Nel nuovo numero di Gocce di Marsala l’editoriale del vescovo Michele Di Tolve dedicato alla Via Crucis di Via Marsala. «Abbiamo voluto sentire i dolori di Cristo, per imparare ad ascoltare i dolori di ogni persona, per imparare a porgere l’orecchio, lo sguardo e il cuore verso tutti coloro che Dio ci fa incontrare».

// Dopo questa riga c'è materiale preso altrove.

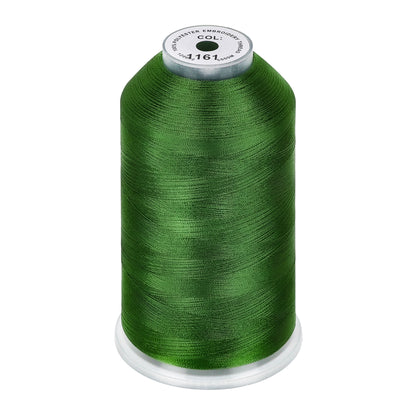 New brothread 100% Polyester with High Sheen Embroidery Thread, 5000M, 40WT(120D/2) 150+ Colors Selected for Commercial Multi Needles and Single Needle Embroidery Machine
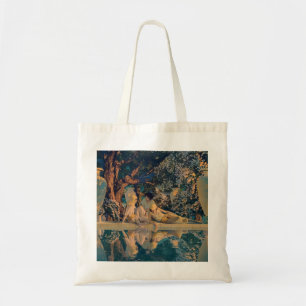 Maxfield Parrish The Garden of Allah 1918 Fine Art Tote Bag
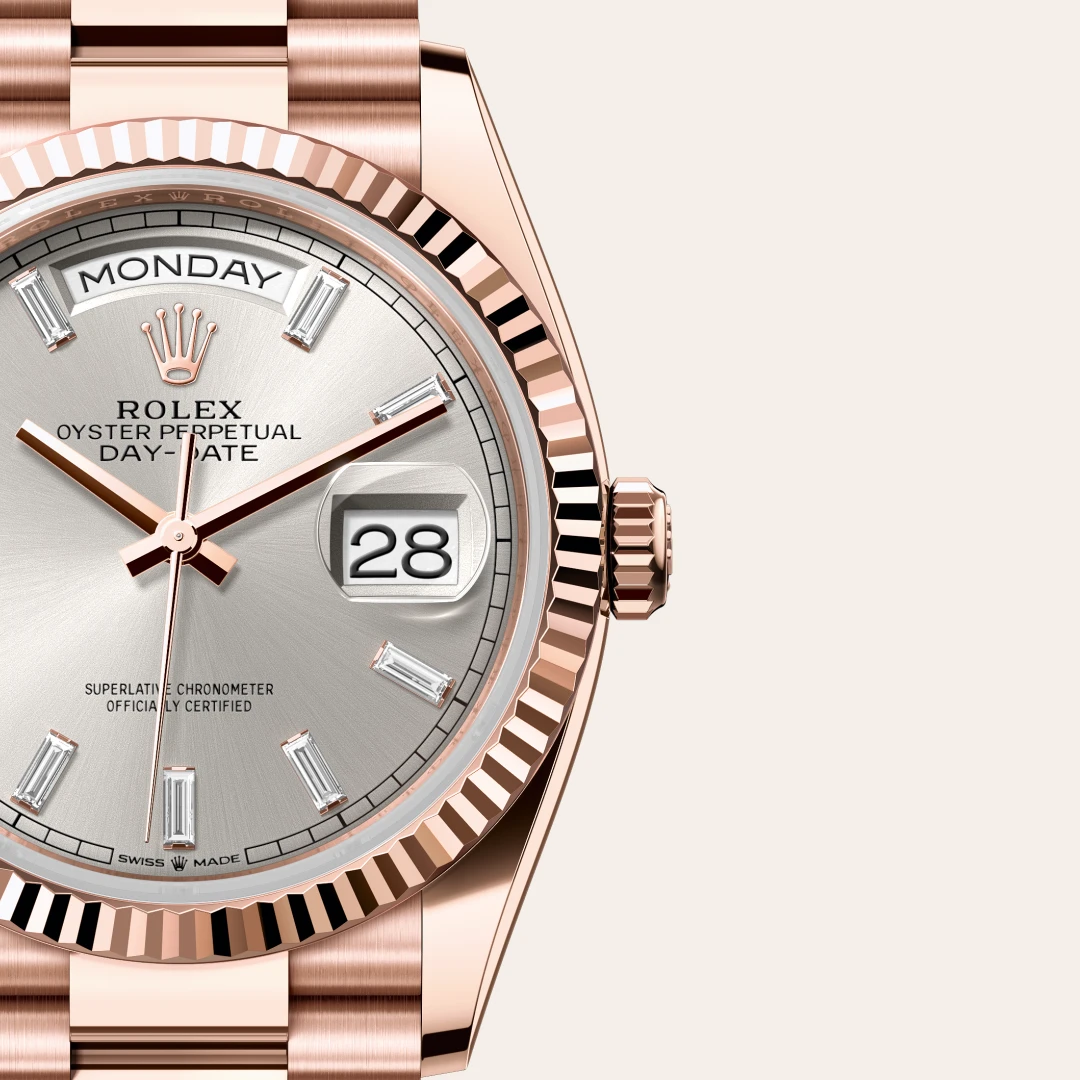 Rolex Day-Date 36 en Or Everose 18 ct M128235-0087 chez Lombard Joaillier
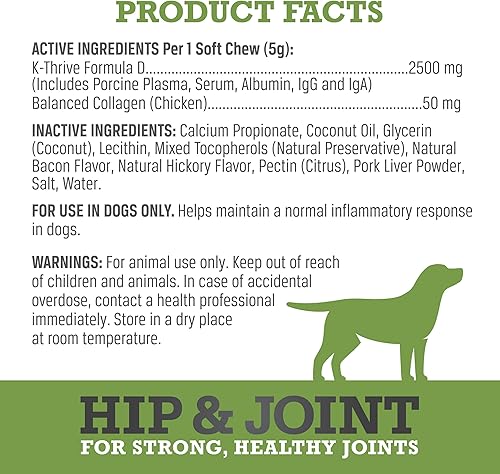 Miniatura 4 de WINPRO Hip & Joint Supplement for Dogs - Plasma Powered Soft Chews for Joint Health & Mobility – Fast-Acting with Collagen & Natural Ingredients for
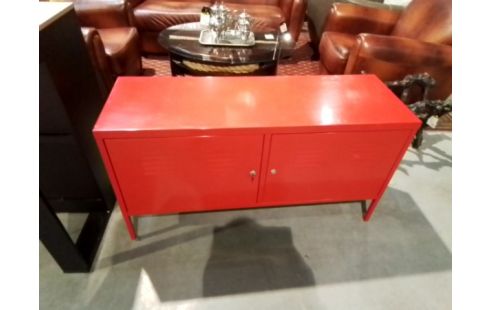 MEUBLE BAS METAL ROUGE 2P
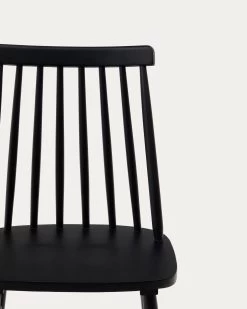 Tressia MDF And Solid Rubber Wood Chair With Black Lacquer | Kave Home -Quality Furniture Store C934M01 1D01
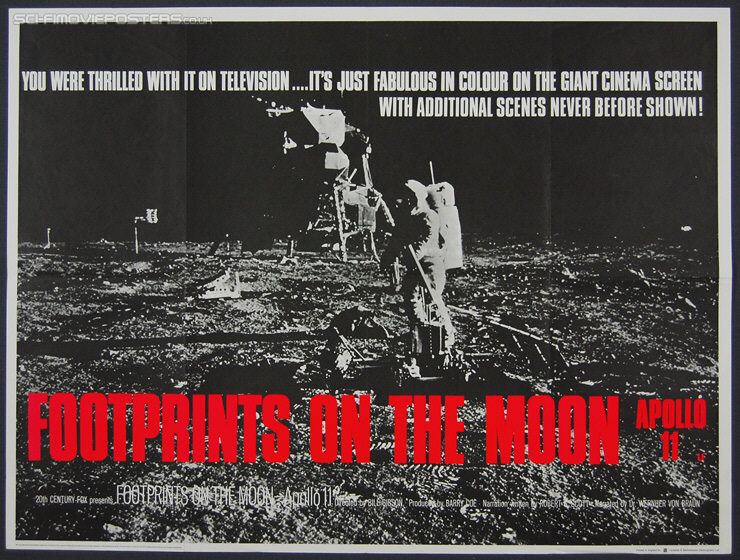 Footprints on the Moon (1969 film) Footprints on the Moon Apollo 11 1969 Original British Quad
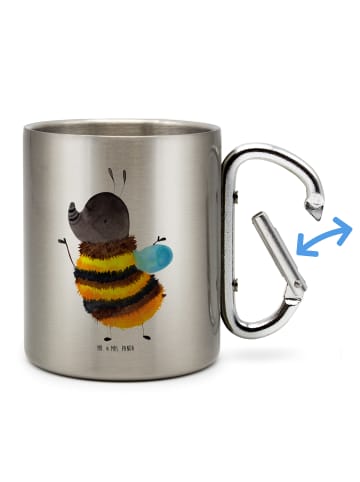 Mr. & Mrs. Panda Tasse Hummel flauschig ohne Spruch in Silber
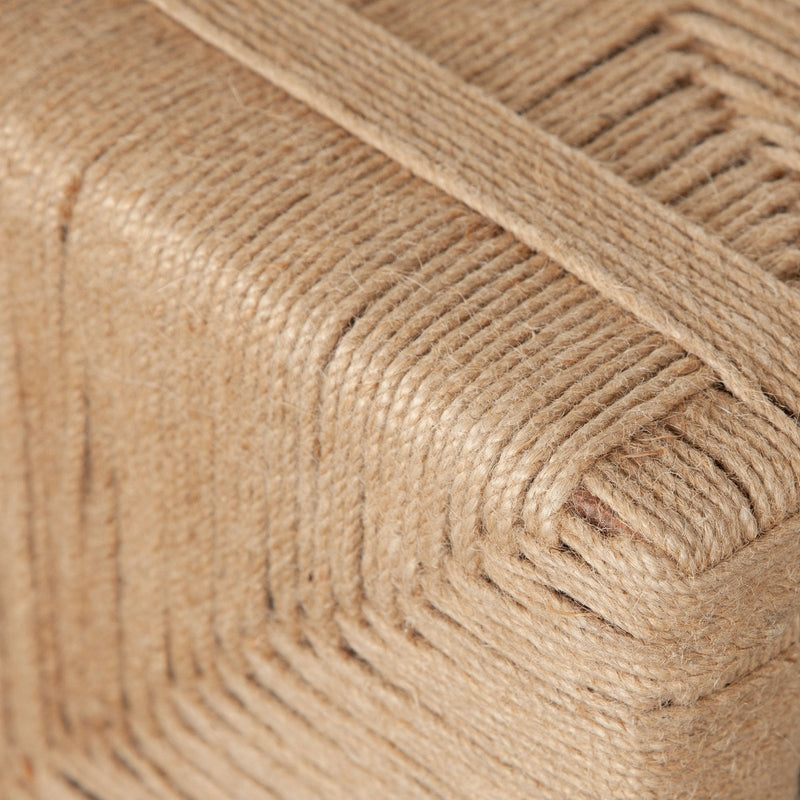 Jute Woven Accent Bench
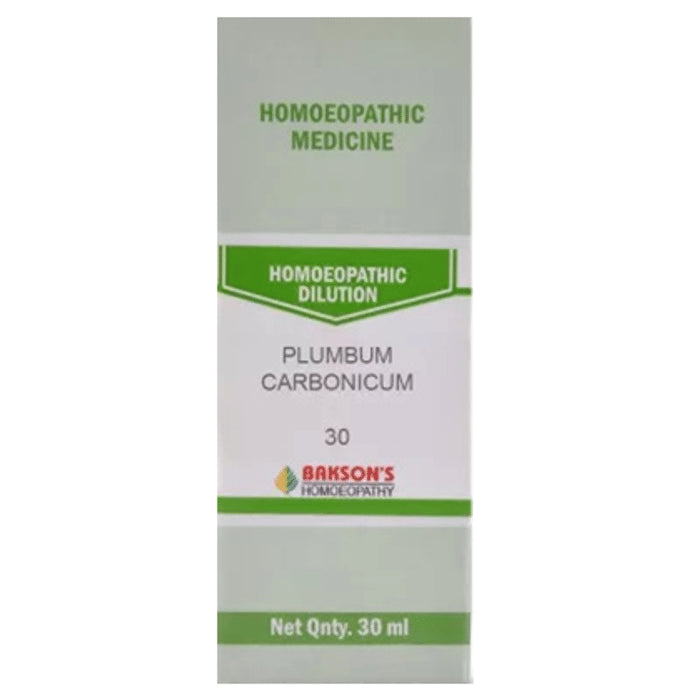 Bakson's Homeopathy Plumbum Carbonicum Dilution 30 - Classic Derma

«Ricordo ancora con viva emozione la Via Crucis vissuta in via Marsala partendo dalla parrocchia del Sacro Cuore fino al centro di accoglienza della Caritas. Ricordo le parole pronunciate dalle persone che hanno partecipato alla Via Crucis, ricordo il rumore dei passi che sentivo in mezzo anche alla Vita che scorreva di fianco a noi. Ricordo soprattutto lo sguardo fisso sulla croce di Gesù da parte di tante persone. Quella croce che non è più soltanto strumento di morte e di sofferenza, ma, da quando Gesù l’ha abbracciata, diventa segno del più grande amore del Figlio di Dio per noi». Sono le parole di Mons. Michele Di Tolve, vescovo ausiliare della Diocesi di Roma, ad aprire il numero di aprile del giornalino dell’Ostello “Gocce di Marsala”, mensile realizzato dagli ospiti dell’Ostello “Don Luigi Di Liegro”.

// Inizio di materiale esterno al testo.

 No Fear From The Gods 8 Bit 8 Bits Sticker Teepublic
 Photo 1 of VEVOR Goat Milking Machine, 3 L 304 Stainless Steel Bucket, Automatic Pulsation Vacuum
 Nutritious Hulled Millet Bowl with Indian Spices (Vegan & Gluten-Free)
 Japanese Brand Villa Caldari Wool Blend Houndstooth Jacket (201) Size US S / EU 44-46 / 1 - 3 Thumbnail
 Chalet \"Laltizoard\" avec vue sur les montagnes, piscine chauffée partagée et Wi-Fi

«È stato un cammino sulla via della croce – dichiara Mons. Di Tolve – in cui abbiamo fatto delle soste, per pensare e pregare, per riflettere, per riportare al cuore, quindi per ricordare tutti coloro che a volte sono dimenticati, non visti, lasciati sul ciglio della strada, anche se passiamo a loro vicinissimi».

Nel suo editoriale, il Vescovo cita poi alcune frasi della canzone Fango “Fango” di Jovanotti: “L’unico pericolo che sento veramente è quello di non riuscire più a sentire niente”. «Ecco – sottolinea Di Tolve -, con quella semplice Via Crucis abbiamo cercato di scongiurare questo pericolo, il pericolo di non riuscire più a sentire niente, non solo i rumori intorno a noi – bastano un paio di cuffiette che usiamo per ascoltare la musica a tutto volume -, ma rischiamo di non sentire neppure le parole di chi ci parla guardandoci in faccia, di non sentire più la presenza delle persone, di ogni persona. A volte alcuni dicono che fanno questo per proteggersi, per non avere fastidi, ma in questo modo ci si chiude dentro un isolamento mortale».
Pericolo che per il prelato si può scongiurare imparando a “sentire i dolori di Cristo, ad ascoltare i dolori di ogni persona, porgere l’orecchio, lo sguardo e il cuore verso tutti coloro che Dio ci fa incontrare, senza scegliere chi incontrare e chi no, chi ascoltare e chi no, chi vedere e chi no”.

Da qui il riferimento alla Via Crucis come “piccolo segno” ma anche un “segno incisivo”: «Ci ha toccato il cuore vedere la gente che si fermava e si faceva il segno della croce. Ecco, quel segno della croce, fatto in quella circostanza, era un modo per dire: “Io sento, io vedo, io percepisco”. E questo è un segno di speranza».